Europe and the US: Dual Labor Markets and Youth Unemployment

A recent article in The Economist looks at youth unemployment in Europe and how it might be affected by the "two tier" or "dual" labor markets that exist in some European countries. Persistent high unemployment in the past was blamed partly on difficulties associated with terminating workers. This caused inefficiencies in the labor market that hindered progress. The solution was to create a class of workers that would be easier to terminate: temporary workers who would be given short-term contracts and could be either hired permanently or terminated easily at the conclusion. Employers saw an obvious advantage to this system and began hiring large numbers in this fashion.

The author uses Spain as the extreme example.
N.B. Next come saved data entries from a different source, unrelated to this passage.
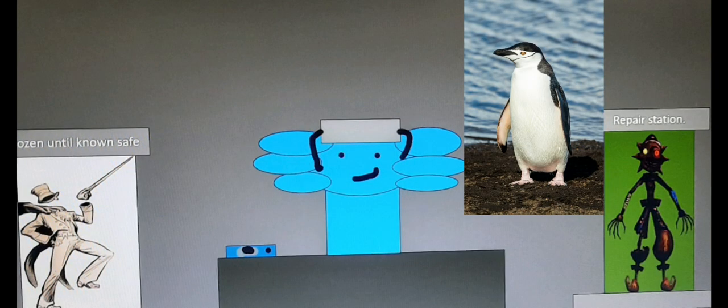Oh hello there. In today's video I'm going to be talking about the chinstrap penguins. Sorry if I pronounced that wrong.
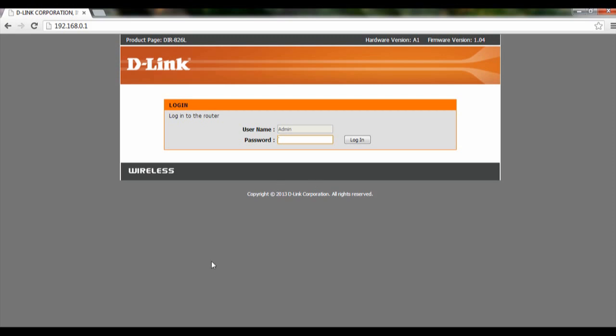To start off, open up your router page at 192.168.0.1 and login to your router.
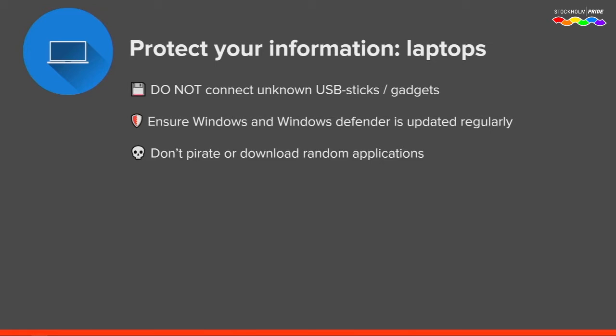Using pirated software is a very good way to get infected with malicious code. I would strongly advise against it — you don't know who issued the software or whether someone has injected malicious code into it. If you need software, avoid pirated versions; there is a lot of very good open source software you could use instead.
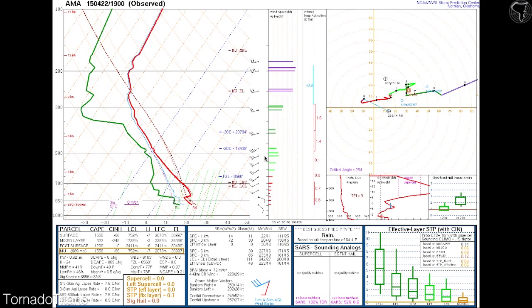Hello everybody and welcome to the very last Skew-T lesson, at least in this beginning course on reading Skew-Ts. We're going to be taking a look at four different versions of Skew-Ts — four different days — and break down what each of them are saying so we can get a better idea about the process for reading these. This first one is from April 22nd, the 19Z sounding from Amarillo, which is the afternoon sounding — about two o'clock in the spring.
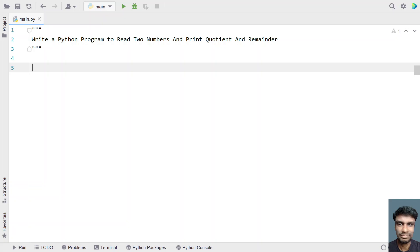Hi guys, welcome to my YouTube channel. In this video, let's learn a Python program — write a Python program to read two numbers and print quotient and remainder.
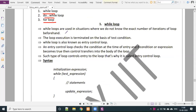While loops are used in a situation where we do not know the exact number of iterations before hand. We don't know initially how many times we need to run the loop. The loop executes and terminates on the basis of a test condition.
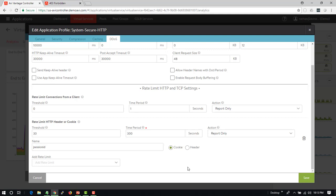You can also set thresholds at higher levels across the virtual service, across the pool, across a specific server. So there's different ways and levels that you can set this at, but for most of the time when we're talking about blocking or restricting a specific user, then we're going to be setting this up within here in the HTTP profile.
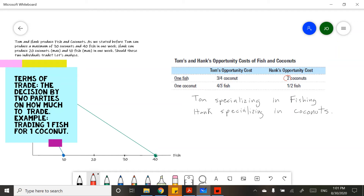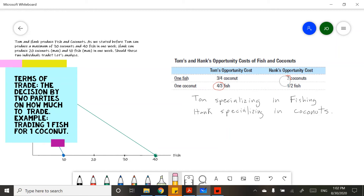Similarly, on the other side of the trade, Tom will not pay a higher price than four-thirds. So this is where we have to focus on determining what the terms of trade is. If you compare them side by side, all you have to look for is numbers that land between three-fourths and two, and between four-thirds and one-half. Take a second to think about that.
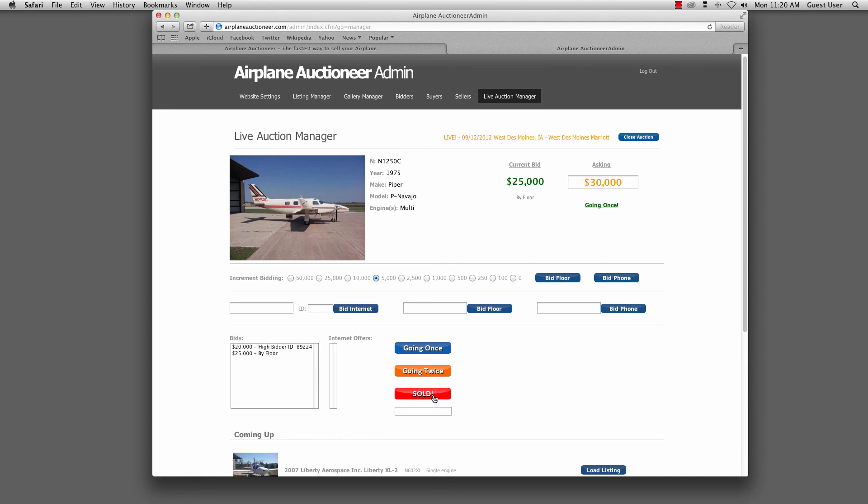I would say it was a success. Like I said, we sold all six aircraft. We had a gentleman as far away as Ireland bid over the internet and win one of the aircraft. The software worked pretty well. So it was a fun, interesting, somewhat stressful project to work on, but I would say an overall success. Thanks.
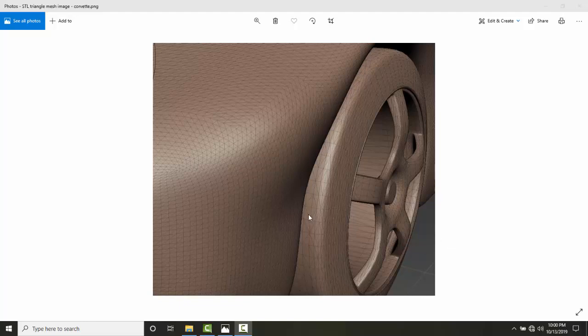So really what an STL file is is surface geometry of a 3D object. There's nothing on the inside. It's just on the surface. There is no color. And what it does is it tessellates or divides up the 3D model into tiny triangles.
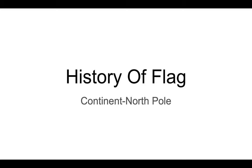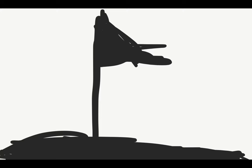Hello everybody, this is Professor Gary here bringing you the history of FLAG. The continent is the North Pole and let's get this started. This is the flag of FLAG as you can see on the screen.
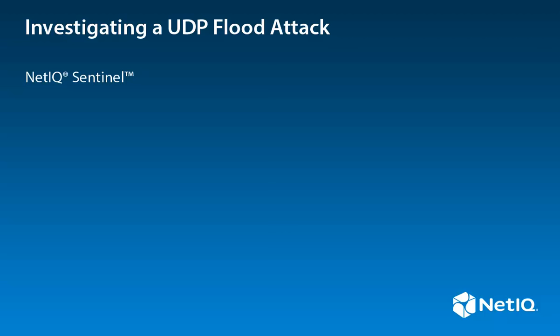This video demonstrates how you can use the NetFlow data in Sentinel to investigate a UDP flood attack. This video assumes you have a basic understanding of Sentinel from an analyst's perspective.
"As the unemployment rate approached 20% in the mid-1980s, the government introduced fixed-term contracts of between six months and three years, which were subject to lower dismissal costs than those for workers on open-ended contracts. At the end of a three-year contract firms could either convert a worker to permanent employment or send him packing. The reforms got results. Unemployment fell from nearly 18% when they began in 1984 to around 14% six years later."

"But the reforms had unintended consequences too. Temporary contracts surged, soon accounting for close to a third of Spanish employment. Workers churned from job to job: just 6% of temporary contracts were converted to permanent employment during the mid-2000s."

There are negatives for both employer and employees in this type of system.

"Volatility is but one cost of dual labour markets. Frequent job turnover makes households’ finances less certain, making it harder, for example, to save regularly for old age. More importantly, temporary employment discourages firms from investing in their workers. The cost to an employer of converting an expiring temporary contract into a permanent one is quite high because of a discontinuous jump in the cost of sacking the worker. So there is an incentive to get rid of him when his contract ends and to invest little in training him."

The author indicates that France and Germany have versions of a dual market that encourage the hiring of temporary workers as well. This chart is provided.





France and Germany are clearly doing better than Spain in terms of unemployment. Nevertheless, the author leads the reader inexorably to the conclusion that the easier it is to fire workers, the better it is for the economy.

"Germany’s labour market mirrors that of its peers. It, too, responded to eurosclerosis with flexible, second-tier contracts. Permanent positions protected by strong employment rules still dominate its labour market."

"Germany may have pursued wage restraint, but that is no easy route to prosperity. Indeed, dual labour markets are more likely to have the opposite effect. Permanent workers fearlessly seek higher wages, confident that job losses will fall first on temporary workers. Soaring Spanish unemployment has produced little wage moderation. During 2009 the pay of permanent workers rose by 4% in real terms."

And finally we arrive at this conclusion:

"And attractive as the German model is now, across decades American jobless rates are tough to match. The Anglo-Saxon preference for little or no employment protection may be the most effective at herding workers from declining industries to growing ones, driving job creation and innovation."

The emphasis is mine. The author seems to think that economics and economies obey fundamental physical laws and concepts that were effective "across decades" have relevance to the current situation. What worked in the US decades ago has little relevance to the current situation. One might look at the figures in the chart the author provided and conclude that youth unemployment is a function of the strength of the economy—period.

In an earlier article The Economist provided this chart comparing youth unemployment rates to unemployment rates for older workers.






If the US approach, which actually encourages companies to terminate workers when the economy slows, is better, one would expect to see some difference between the US and the rest of the world in terms of either total unemployment, or with respect to the rates of youth unemployment. In this context, the US and Spain look very similar. It would be hard to claim that youths have an advantage in the US economy. In terms of total unemployment rate, it would appear that the US, with its approach, is now just another country hoping that growth will overcome its structural problems.

This article served the purpose of reminding us that the US also has a "dual" labor market—one that is much more advantageous for employers than anything referred to here. In the US, companies have actually convinced young people that it is to their benefit to work for free for a year or two before even being considered for a low-paying, entry-level position with zero job security. This situation was discussed in The Fastest Growing Job Category: Unpaid Interning. If one wishes to create systems that are abusive to the young, Europe has a way to go to catch up with the US.